In a bid to lower Sharp’s operating costs, Gou said he plans to withdraw all of Sharp’s investments in joint-venture retail channels overseas, such as Sharp’s joint venture with Taiwanese consumer electronics maker Sampo Corp (聲寶).
Gou said Sharp has too many joint ventures or subsidiaries in overseas markets, and his plan is to help Sharp directly reach consumers in foreign markets instead of through other retailers.
Gou said he is negotiating with the representatives of Roxy Electric Co Ltd — the cofounder of Sharp’s joint venture Sharp Roxy Ltd in Hong Kong — to persuade the firm to dissolve the joint venture.
Sharp does not rule out taking legal action against Roxy Electric to regain its right to sell its products in Hong Kong, he said.

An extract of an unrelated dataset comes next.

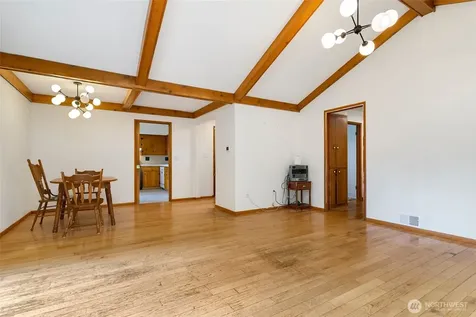 8424 97th Street SW Lakewood WA 98498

Gou said he aims to accelerate Sharp’s research and development process, turning its patented technologies into commercial products with the aid of Hon Hai’s manufacturing capability, lowering its manufacturing costs and raising its competitiveness.
After Hon Hai officially joins Sharp’s management team next month, the century-old Japanese company will start to evaluate employees’ individual performance instead of as a team like the company used to do, Gou said.
Employees who fail to reach their performance goal will be asked to leave, regardless of their rank or seniority, Gou said, dismissing concern over the departure of a high-ranking Sharp official to join another Japanese flat-panel company as the official is a semiconductor professional, but not a panel expert.
Tai, who also attended Hon Hai’s meeting, told shareholders that after he takes office in Sharp, he plans to set up an overseas headquarters in Shenzhen, China, to be closer to Hon Hai’s manufacturing hub in Asia.
Commenting on the new government’s “New Southbound Policy,” Gou said that Hon Hai has been investing in Southeast Asian countries for at least three years, as the company has to expand its overseas scope due to Taiwan’s limited market demand.
However, Gou added that it would be “unwise” for the government to give up investment opportunities in China, because the country is culturally and geographically close to Taiwan.